Quality streets

Is the worst council in Britain about to be sorted out? Paul Gosling looks at the revolution that's just beginning in Hackney

Hackney is probably the worst council in Britain. It is the slowest to re-let council homes; it is one of the worst in handling council tax benefit applications; it is one of the slowest to collect council tax and rent; and it is one of the most expensive to run. It also has some of the lowest-performing schools in Britain.

Recent scandals at Hackney are some of the worst that have hit local government in recent years. There is the Mark Trotter affair: a leading Labour Party member and council social worker turned out to be a serial child abuser who eventually died of Aids. For years, some council staff ran a "keys for cash" fraud: council homes were left "unlet" while housing officers rented them out for personal gain.

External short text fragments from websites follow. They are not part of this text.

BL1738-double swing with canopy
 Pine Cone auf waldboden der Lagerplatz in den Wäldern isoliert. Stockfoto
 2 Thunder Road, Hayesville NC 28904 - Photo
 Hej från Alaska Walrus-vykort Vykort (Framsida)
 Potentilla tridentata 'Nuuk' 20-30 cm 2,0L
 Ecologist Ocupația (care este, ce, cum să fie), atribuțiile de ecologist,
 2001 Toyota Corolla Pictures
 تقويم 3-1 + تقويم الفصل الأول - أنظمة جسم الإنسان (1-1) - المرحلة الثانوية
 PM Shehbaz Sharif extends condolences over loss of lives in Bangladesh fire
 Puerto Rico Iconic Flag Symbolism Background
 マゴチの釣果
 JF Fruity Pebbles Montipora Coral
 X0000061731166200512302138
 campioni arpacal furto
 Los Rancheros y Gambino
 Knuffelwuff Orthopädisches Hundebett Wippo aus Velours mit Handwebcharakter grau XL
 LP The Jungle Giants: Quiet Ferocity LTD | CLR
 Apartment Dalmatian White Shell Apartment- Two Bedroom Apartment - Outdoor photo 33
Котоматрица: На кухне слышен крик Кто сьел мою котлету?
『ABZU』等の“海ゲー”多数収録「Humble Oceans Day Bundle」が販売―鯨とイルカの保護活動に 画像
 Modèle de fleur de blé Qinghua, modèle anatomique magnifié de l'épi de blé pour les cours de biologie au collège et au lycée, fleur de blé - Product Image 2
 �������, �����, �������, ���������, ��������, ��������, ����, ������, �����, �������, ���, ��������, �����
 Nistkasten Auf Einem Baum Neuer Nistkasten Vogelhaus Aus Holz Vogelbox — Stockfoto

Then there was the internecine conflict between Hackney's chief officers, only matched by the open warfare which split in two its majority Labour group. One of several outstanding inquiries is dealing with racism allegations. Complaints of nepotism by councillors are legion.

If there were a case study on how not to run a council, it might look very much like Hackney over recent years. You might expect that the Labour Government's commitment to send in "hit squads" to sort out the worst councils would make its first stop at Hackney.

Is it, then, a coincidence that one week after the new government was elected, Hackney announced a complete overhaul of its internal structure? The council says the timing was fortuitous, and that it has spent the last two years getting ready to put an end to what even it admits are bad services.

The east London borough will re-launch in September as if it were a new authority, with a new structure and a new team of chief officers, who will have performance targets far in excess of what the citizens of the borough have been used to.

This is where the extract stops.